Uma «oportunidade perdida»?
Os delegados da Conferência Episcopal Portuguesa (CEP) no último Sínodo dos Bispos, que decorreu no Vaticano, consideram que os trabalhos convocados pelo Papa deixaram clara a necessidade de uma aposta clara nos jovens, nas comunidades católicas. “Seria uma oportunidade perdida se assim não fosse, a Igreja em Portugal voltar a olhar para os jovens nesta nova perspetiva que é, em primeiro lugar, valorizar o papel dos jovens como uma parte importante da Igreja, como sujeitos da ação pastoral”, disse o presidente da Comissão Episcopal das Vocações e Ministérios, D. António Augusto Azevedo.
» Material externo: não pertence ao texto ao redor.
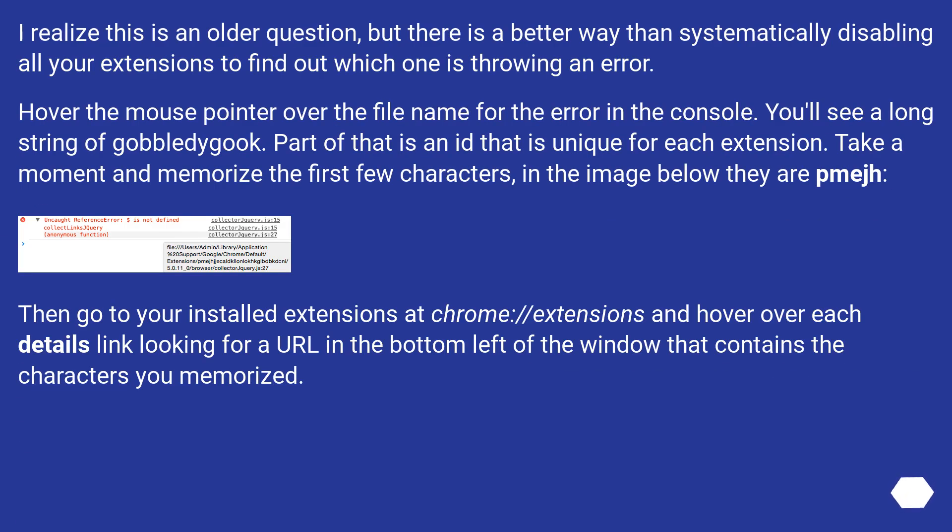I realize this is an older question, but there is a better way than systematically disabling all your extensions to find out which one is throwing an error.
A preocupação passa agora por “reunir as pessoas” para decidir “que passos dar para aplicar este Sínodo”.
Também D. Joaquim Mendes, presidente da Comissão Episcopal do Laicado e Família, sublinhou que a transmissão da fé, hoje, “não se faz tanto, às vezes, pelos meios tradicionais, da família”, mas são os jovens que evangelizam outros jovens. “Os jovens pedem à Igreja que acompanhe, qualifique e amplie esta realidade, para que jovens possam acompanhar outros jovens. Para isso, é preciso que a Igreja lhes dê atenção e os acompanhe, os forme, caminhe com eles”.
Carta dos Padres Sinodais aos Jovens
A vós, jovens do mundo, nós Padres Sinodais nos dirigimos com uma palavra de esperança, confiança e consolação. Nestes dias, reunimo-nos para escutar a voz de Jesus, “o Cristo, eternamente jovem”, e reconhecer Nele as vozes dos jovens e seus gritos de exultação, lamentos e silêncios.
Sabemos das vossas buscas interiores, das alegrias e das esperanças, das dores e angústias que fazem parte de vossa inquietude. Agora, queremos que escutem uma palavra nossa: desejamos ser colaboradores da vossa alegria para que as vossas expectativas se transformem em ideais. Temos a certeza de que, com a vossa vontade de viver, estais prontos a empenhar-vos para que os vossos sonhos tomem forma na vossa existência e na história humana.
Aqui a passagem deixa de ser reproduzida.